From Thinking to Feeling: Finding Peace in the Present

Having an active, thinking brain that races ahead at every opportunity can be exhausting and draining.

It’s also incredibly hard to stay present and connected to the real world when your thoughts keep tempting you away — off to the land of ifs and buts.

For someone who grew up with an “always-on” brain (hi — that’s me at ten, all that rumination, projection, social-analysis…), I really struggled to find a way to quieten my mind.

It’s still very much a work in progress, but practising the art of bringing my attention back to the present — using my own body as an anchor — has made a big difference.

My story

From about the age of ten, I remember becoming aware of a constant stream of thoughts — running through every possible outcome of every situation, replaying conversations, and cringing at things I’d said hours earlier.

For a long time, it was kind of okay; my brain was busy but manageable.

Then life got more complicated — building a family of my own, and facing the deep grief of losing my mum — and my thinking brain cranked up to full volume.
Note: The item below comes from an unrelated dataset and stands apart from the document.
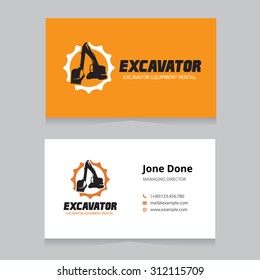 Excavator Logo and business card template.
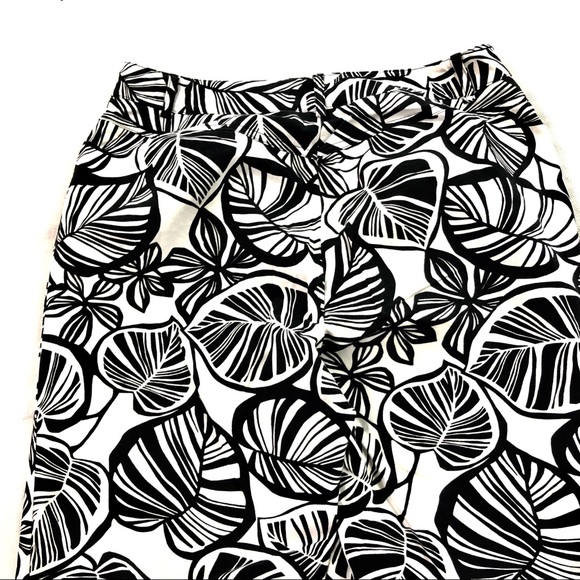 Talbots Leaf Ankle Pants Stretch Black & White 6 - Picture 4 of 7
Panic attacks followed, especially while driving (which, as you can imagine, was not ideal).

I realised something had to change; prioritising my head just wasn’t working anymore.

When someone handed me a book on mindfulness, my first reaction was: there’s no way my mind will cope with that!

Focusing on my breathing only made me overthink breathing — and that actually triggered more panic attacks.

But there was a chapter in the book that suggested bringing my focus back to my body — feeling the steering wheel, the seatbelt, my feet in my shoes, the trees passing by.

Each small act of noticing pulled me gently back into the present. Over time, it’s become easier — and now it’s my favourite way to break a thinking spiral and bring myself back into the real world.

What does “being in the body” mean?

  • Body-sensing: noticing texture, weight, temperature, contact, movement.

  • Sense-anchoring: “What can I hear? Smell? Feel? See here and now?”

  • Movement: walking, stretching, feel your feet, notice how they touch the ground.

  • Interrupting thinking-mode: when your mind runs, your body-senses pull you out of autopilot.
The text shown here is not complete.